The number of refugees and displaced people around the world has surpassed 50 million people for the first time since the Second World War, and half of them are children, according to figures released on Friday by the United Nations High Commissioner for Refugees (UNHCR).
There was a staggering increase of 6.6 million refugees and displaced people in 2013 from the 2012 numbers, which can largely be attributed to the ongoing war in Syria. In Syria, 6.5 million people, or more than 40 percent of the population, is now displaced, and 2.5 million Syrians have escaped the crisis. As the Guardian’s Harriet Sherwood reports, if the world’s 51.2 million forcibly displaced people were their own country, it would be the 24th most populous in the world, more than the populations of South Africa, Spain, or South Korea.

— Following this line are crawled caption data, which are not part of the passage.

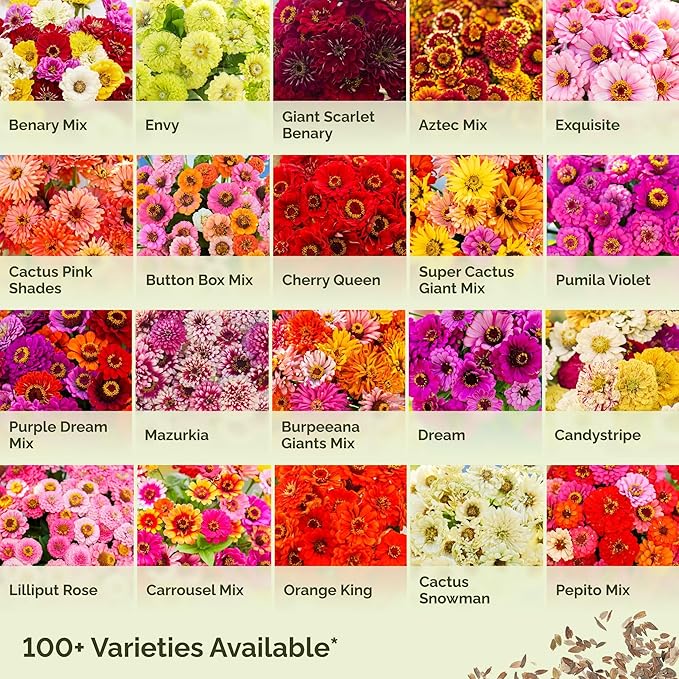 Eden Brothers Zinnia Seeds - Miss Willmott, Non-GMO Seeds for Planting, Packet | Low-Maintenance Flower Seeds, Plant During Spring, Zones 3, 4, 5, 6, 7, 8, 9, 10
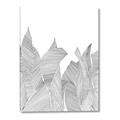 Picture of Leafy Lines I _GroupedProduct_Rectangle_Portrait_Canvas_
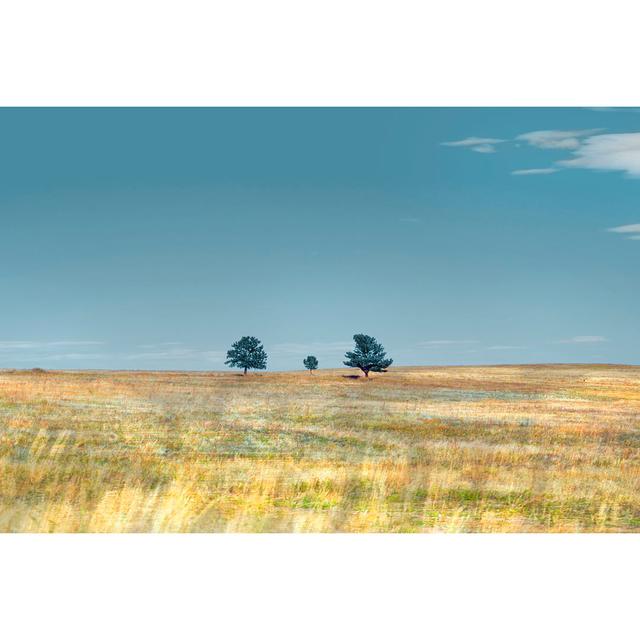 Bucolic Scene XV Natur Pur Size: 51cm H x 76cm W x 3.8cm D on Productcaster.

The UNHCR annual Global Trend report defines three different groups: refugees (16.7 million), asylum seekers (1.2 million), and internally displaced people (33.3 million, which is a record number.) Syria has the highest number of asylum seekers at 64,300, followed by those from the Democratic Republic of Congo and Myanmar, and Germany is the largest recipient of asylum seekers as a whole.
The international humanitarian aid community is feeling the strain of millions more fleeing crises, and those forced to leave their homes due to climate change, population growth, and food insecurity. The increased need for assistance means the U.N.’s world food program has had to reduce rations at some refugee camps, reports Sherwood.